= Robert McBride (composer) =

American composer and instrumentalist (1911–2007)

Robert McBride (February 20, 1911 – July 1, 2007) was an American composer and instrumentalist.

==Life==
McBride was born in Tucson, Arizona, and learned from an early age to play clarinet, oboe, saxophone and the piano. He studied composition with Otto Luening at the University of Arizona, receiving a Bachelor of Music degree in 1933, and a Master of Music in 1935. From 1935 until 1946 he taught at Bennington College, where he met and married his wife, Carol. He then moved to New York City, where he worked briefly as a commercial composer and arranger, at first for Triumph Films, producing scores for Farewell to Yesterday (1950), The Man with My Face (1951), Garden of Eden (1954), and a number of short subjects. As television began to supplant short subjects at the movies, in 1957 he joined the faculty of his alma mater, the University of Arizona, where he taught until 1976.

By the mid-1990s he had developed an ear disorder that caused him to hear pitches a half-step off, and so he was unable to listen to music at all.

==Style==
His music, often with catchy titles, ranged from the serious to the whimsical: ballets, jazz pieces, instrumental solos, chamber pieces, and orchestral works.

==Discography==
- 1934. Mexican Rhapsody. Boston Promenade Orchestra; Arthur Fiedler, cond.
- 1935. Fugato on a Well-Known Theme. Boston Promenade Orchestra; Arthur Fiedler, cond.
- 1937. Warm-up for English horn alone (decidedly alone). Robert McBride, English horn.
- 1937. Let down for English horn with piano.

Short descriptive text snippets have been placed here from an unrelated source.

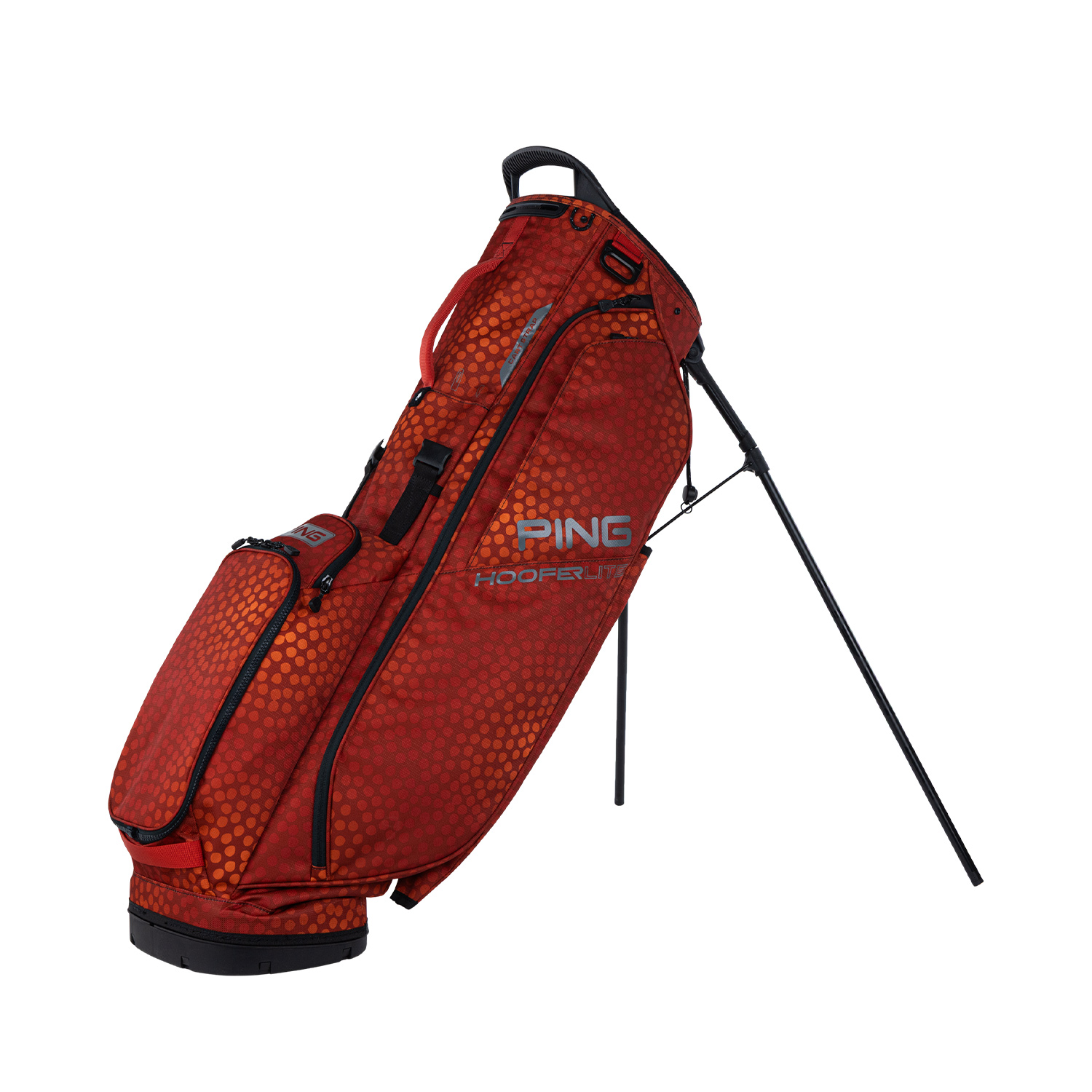 Hoofer Lite Limited Edition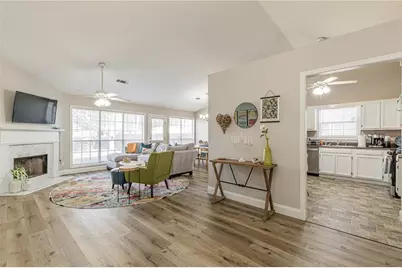 3195 Jorden Crest Court, Lawrenceville, GA 30044 - Photo 9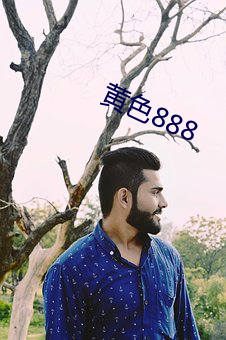 黄色888 （枕芯）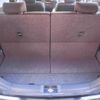 suzuki solio 2012 quick_quick_DBA-MA15S_MA15S-954353 image 18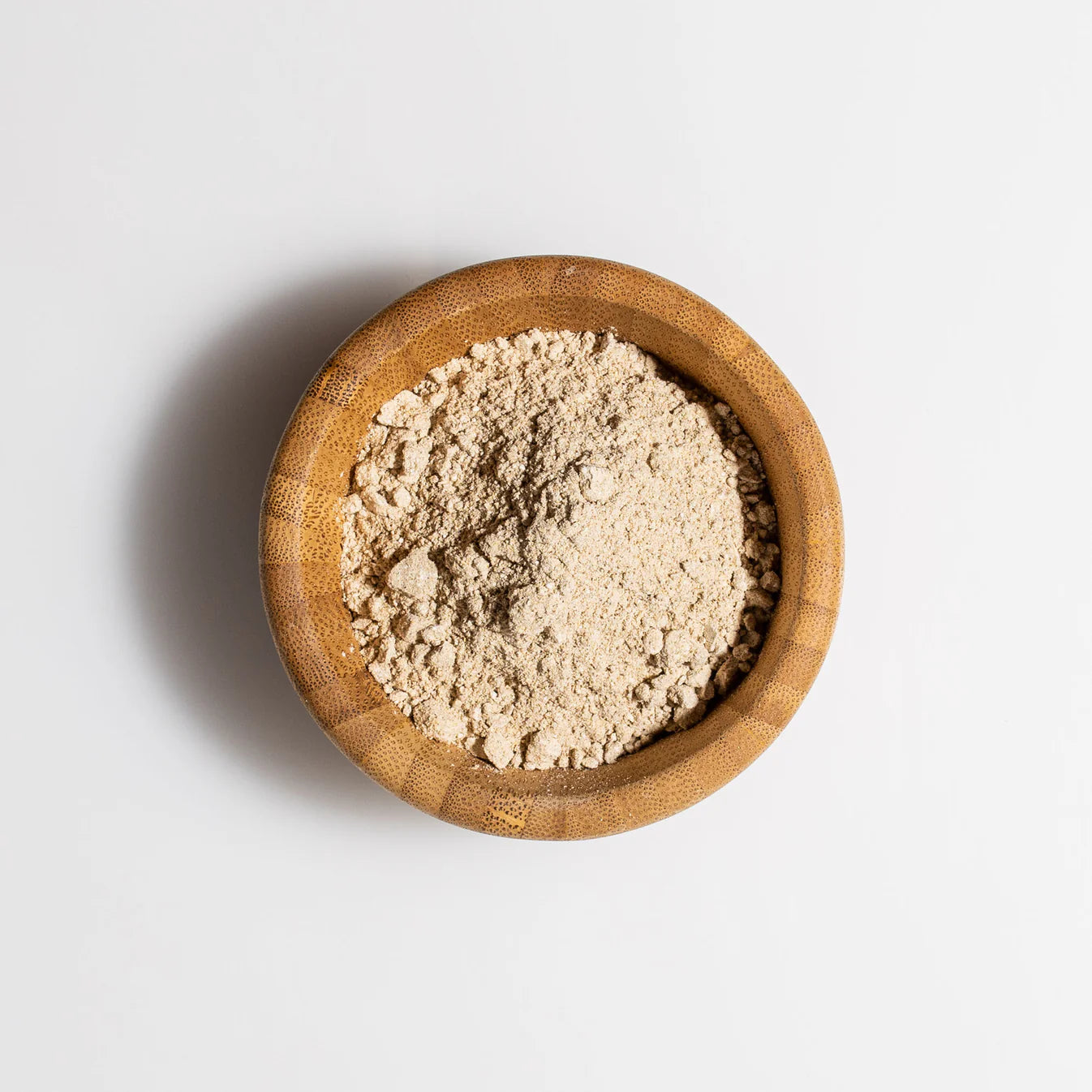 Chavya Powder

Robert McBride, English horn; Paul Creston, piano.
- 1939. Quintet for Oboe and Strings. Robert McBride, oboe; Coolidge Quartet.
- 1939. Swing Stuff. Robert McBride, clarinet; Boston Promenade Orchestra; Arthur Fiedler, cond.
- 1939. Jingle-Jangle. Lawrence White, vibraphone; Boston Promenade Orchestra; Arthur Fiedler, cond.
- 1940. Wise-apple Five, for clarinet and strings. Robert McBride, clarinet; soloists.
- 1947. Aria and Toccata in Swing for Violin and Orchestra. Louis Kaufman, violin; Columbia Symphony Orchestra; Bernard Herrmann, cond.
- 1947. Aria and Toccata in Swing (arr. by Louis Kaufman). Louis Kaufman, violin; Annette Kaufman, piano.
- 1953. Concerto for Violin and Orchestra. Maurice Wilk, violin; American Recording Society Orchestra; Walter Hendl, cond.
- 1957. Mexican Rhapsody. On Fiesta in Hi-Fi. LP recording, 1 disc: 12 in., stereo. Olympian Series. Mercury MG 50134. Eastman-Rochester Orchestra; Howard Hanson, cond. Recorded May 6, 1956, Eastman Theatre, Rochester, N.Y. Reissued 1960 on LP, Mercury SR 90134. Reissued 1992 on CD, Mercury 434 324-2.
- 1958. Pumpkin Eater's Little Fugue. New Symphony Orchestra of London; Salvatore Camarata, cond.
- 1958. Workout for 15 Instruments. New Symphony Orchestra of London; Salvatore Camarata, cond.
- 1968. Panorama of Mexico. Polish National Radio Orchestra; Ladzistan Szostak, cond.
- 1969. March of the Be-Bops. On Music for Orchestra. LP recording, 1 disc: 12 in., stereo. Composers Recordings CRI 228 USD. Polish National Radio Orchestra; Ladzistan Szostak, cond.